Three new online ventures in publishing have two things in common: top editors with old-school, self-described dead-tree credentials, and decent traffic — 150,000 or more unique views per month — for even long-form narratives. And all are managing to avoid or not rely on advertising to pay the bills.

"What you do...is put out really good products," said Miller-McCune editor John Mecklin, a former newspaper reporter and editor of High Country News. “That is the future. I see a whole bunch of examples where that is happening.”

Roger Cohn discussed coming from Audubon and Mother Jones to launch Yale Environment 360. “One of the things that struck me was how quickly you can build an audience,” and how online stories can have multiple lives. Eight months after a video report on mountain top mining was published to the site, a columnist for Le Monde linked to it and traffic exploded.

The New Haven Independent arose when 25-year veteran reporter Paul Bass saw that "out-of-state media conglomerates abandoned local news,” Melissa Bailey said. The online newspaper whose coverage never went beyond city limits then took on the decidedly national topic of nanotechnology with support from the Online Journalism Project. Apart from foundation support, the project gets donations from readers and sponsors.

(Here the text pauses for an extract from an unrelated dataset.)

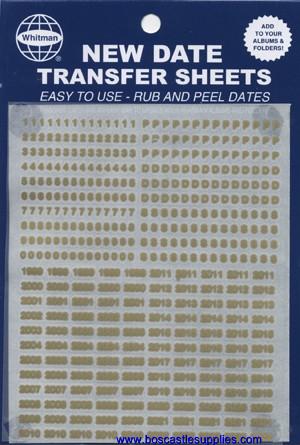 Date Transfer Sheets for Whitman Album - Gold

Foundations and alumni support the Yale site, which is housed at and received start-up funds from the university. But the site is “editorially independent,” said Cohn.

Miller-McCune magazine launched knowing they were fully funded for five years, due to a large donation from Sara Miller McCune, founder of the academic publisher SAGE publications. They take a long-term approach to profitability. “You don’t start a business and expect to break even in 18 months,” Mecklin said.

Karl Leif Bates, organizer of the session that attracted some 50 science writers late on Saturday afternoon, is bullish on the what the new online world can foster for journalism. “These are emerging life forms that are springing up like mushrooms.”